MOPC Approves Scope Change to 2019 ITP Scope
SPP stakeholders on Wednesday approved staff’s recommendation to remove American Electric Power’s 2-GW Wind Catcher Energy Connection project from the 2019 Integrated Transmission Planning’s (ITP) assessment scope.
The Markets and Operations Policy Committee approved the scope change by an 82.1% vote during a special conference call. Staff said the call was necessary to keep the ITP work on schedule to meet its planned completion in October 2019.
The change removes Wind Catcher, planned for near Tulsa, Okla., from two study futures. The MOPC had approved the scope earlier this year.
AEP canceled the $4.5 billion project in late July, one day after the Texas Public Utility Commission ruled against the proposal. (See AEP Cancels Wind Catcher Following Texas Rejection.)
Staff presented three options to the MOPC. The recommended option maintains the assessment’s timeline and makes use of the 215 resource hours staff has already put in.
Juliano Freitas, SPP’s manager of economic planning, said staff had already proceeded with the option to mitigate any schedule delays. He said the original assumptions included an expectation that Wind Catcher would be built; “thus it is appropriate to remove it and reduce the wind levels to be studied by a corresponding amount.”
The original scope included 32 GW of wind energy.
One other option was to continue the ITP without changing the model, with Wind Catcher acting as a “proxy” for other wind generation in the area.
The third option would have replaced the project with other wind sites, keeping the same 32 GW of wind.
MMU White Paper Proposes Capturing ESRs’ Opportunity Costs
The Market Monitoring Unit has published a white paper that proposes a framework for capturing the opportunity costs of electric storage resources’ (ESRs) mitigated energy offers.
The MMU produced the document to respond to FERC Order 841, which addresses electric storage participation in RTO and ISO markets.
MMU Manager Barbara Stroope said in an email to RTO Insider that ESRs are new technologies with costs that are “potentially quite different from traditional generation resources.” She said the paper provides “a solid theoretical foundation for the design efforts currently underway in SPP, and we think it can serve as the basis for a design that balances accuracy with simplicity.”
The white paper defines a mitigated energy offer as reflecting a generating resource’s short-run marginal production cost. Typically, the calculation derives from variables that include the incremental heat rate and fuel cost (where applicable), and variable operations and maintenance cost. The short-run marginal cost may also include the opportunity cost of foregone incremental generation when a resource’s ability to operate is limited.
“In the case of an [ESR], generating or charging at a given point in time may only be possible by forgoing profit opportunities later in the day or optimization period,” the MMU staff wrote, saying it’s “appropriate” to include the marginal opportunity cost in the basis for an ESR mitigated energy offer.

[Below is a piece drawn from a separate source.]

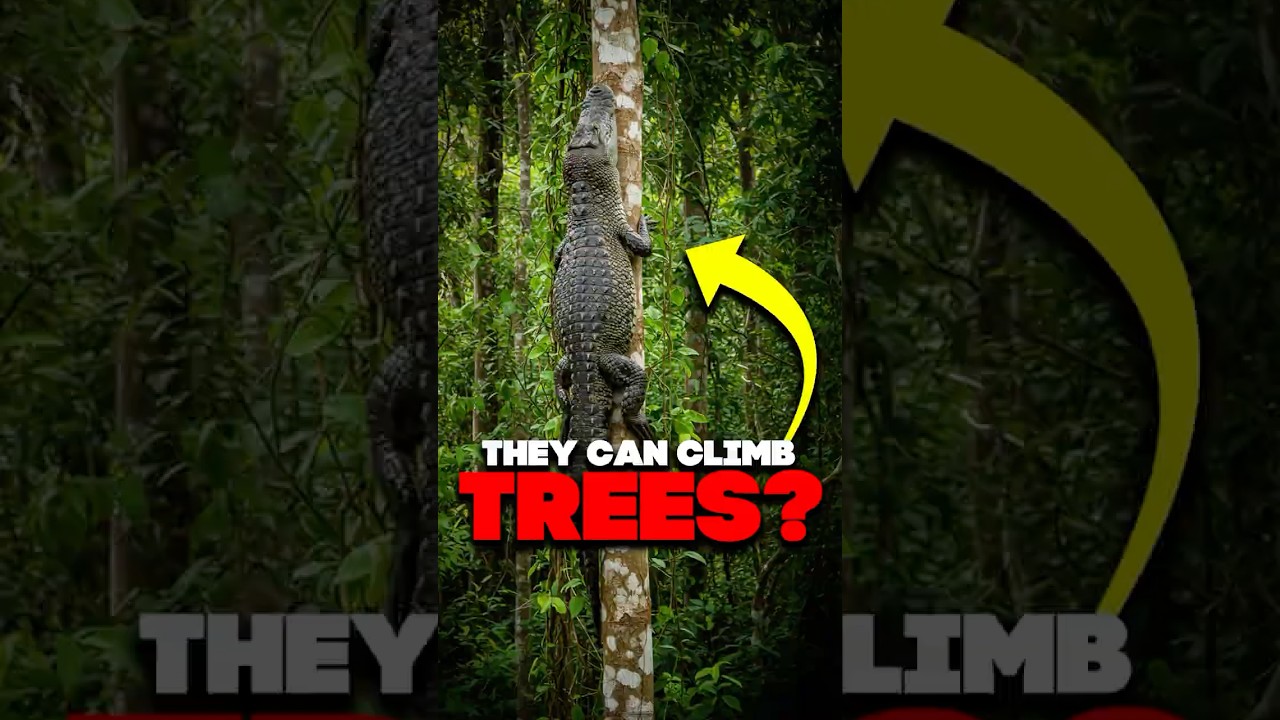 Crocodiles can climb Trees.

“The marginal opportunity cost of an ESR at any point in time is most accurately determined as the result of a dynamic optimization problem that considers the resource characteristics, state-of-charge and all future profit opportunities in the optimization period,” the MMU said.

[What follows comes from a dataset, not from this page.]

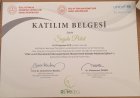 Psk. Dan. Şeyda Polat Psikolojik Danışman sertifikası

Admitting that this approach could be “difficult or impractical” to implement in calculating a mitigated energy offer, the Monitor said a “reasonable approximation of this opportunity cost” can be determined for ESRs with relatively short charge and discharge times by “considering a simplified case to establish a lower bound of expected profits.” The lower bound would be represented by the maximum profit that would be earned if actual prices were realized as predicted.
“The approximation of marginal opportunity cost can then be determined by assessing the reduction in this expected maximum profit that may result from operating at a given point in time,” the MMU said.
July M2M Payments in MISO’s Favor
MISO reversed 11 months of market-to-market (M2M) payments to SPP, incurring $1.7 million in its favor in July. The RTO has not been on the positive side of M2M payments since July 2017.
MISO and SPP outages in North Dakota and western Minnesota contributed to heavy loading on two temporary flowgates. The two constraints were binding for a combined 91 hours, accounting for slightly more than $773,000 in payments to MISO.
Temporary flowgates were binding for 416 hours in July. Six permanent flowgates were binding for 45 hours, leading to a little more than $15,000 in M2M payments in SPP’s favor.
July’s results reduced MISO’s M2M payments to SPP to $51.9 million since the two grid operators began the process in March 2015.